(WHAT TO DO) Apart from the pictures, write out the records that follow exactly.

(LISTED RECORDS)
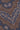 Brown and blue tie with paisley and geometric pattern in cream and white.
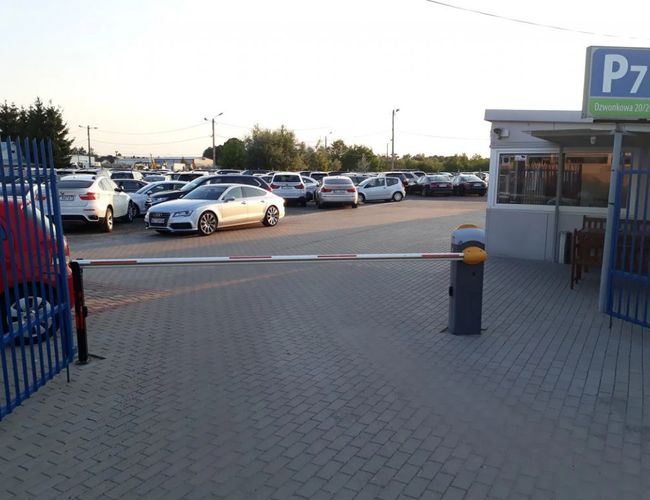 Parking P7 - Bramki otwierają się na przestronny plac. Widać wiele zaparkowanych samochodów. Teren jest otoczony ogrodzeniem.
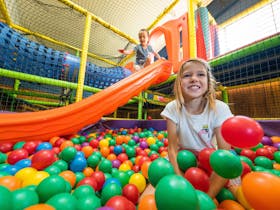 Indoor playground with ball pit, climbing frames and slides for children uner 6yrs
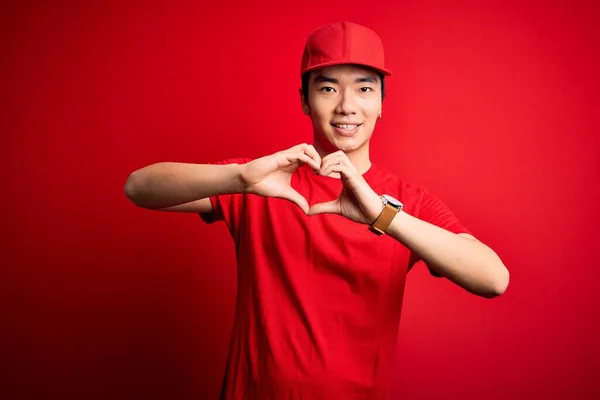 Young handsome chinese delivery man wearing cap standing over isolated red background smiling in love showing heart symbol and shape with hands. Romantic concept.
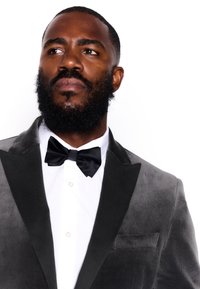 Veste de smoking en velours gris avec revers en satin noir, associée à une chemise blanche et un nœud papillon noir. Boutons visibles et détails de poche.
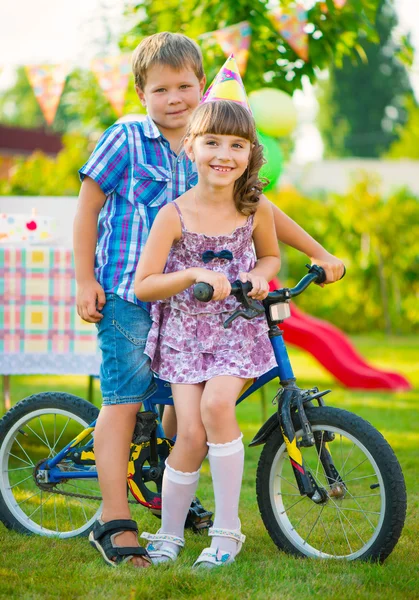 Two happy children sitting on bicycle — Stock Photo, Image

(RESPONSE AREA)
 Brown and blue tie with paisley and geometric pattern in cream and white.
 Parking P7 - Bramki otwierają się na przestronny plac. Widać wiele zaparkowanych samochodów. Teren jest otoczony ogrodzeniem.
 Indoor playground with ball pit, climbing frames and slides for children uner 6yrs
 Young handsome chinese delivery man wearing cap standing over isolated red background smiling in love showing heart symbol and shape with hands. Romantic concept.
 Veste de smoking en velours gris avec revers en satin noir, associée à une chemise blanche et un nœud papillon noir. Boutons visibles et détails de poche.
 Two happy children sitting on bicycle — Stock Photo, Image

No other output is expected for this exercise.